• **Task instructions**:
Your copy runs from the line containing "Set 10 đôi tất" through the last line of the listing, both included. Restate those lines word for word and leave out pictures.
*** Opening of Data shown ***
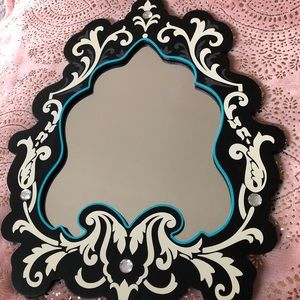 Black, White, and Blue Wall Hung Mirror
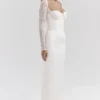 Perdi Vintage Ivory Satin Maxi Dress Perdi Vintage Ivory Satin Maxi Dress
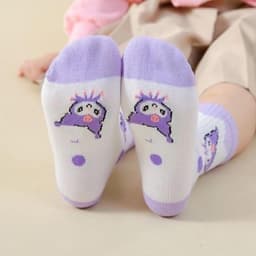 Set 10 đôi tất trẻ em 1-13 tuổi hoạ tiết kurumi tone màu tím dễ thương thời trang tất vớ cho bé gái 7
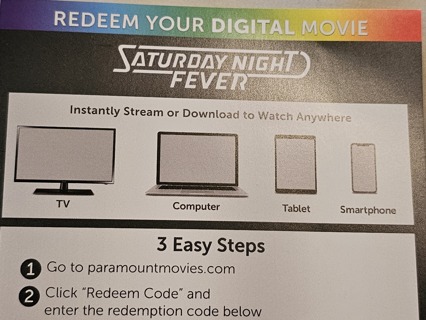 Saturday night fever digital code ONLY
*** Close of Data shown ***
• **Response**:
 Set 10 đôi tất trẻ em 1-13 tuổi hoạ tiết kurumi tone màu tím dễ thương thời trang tất vớ cho bé gái 7
 Saturday night fever digital code ONLY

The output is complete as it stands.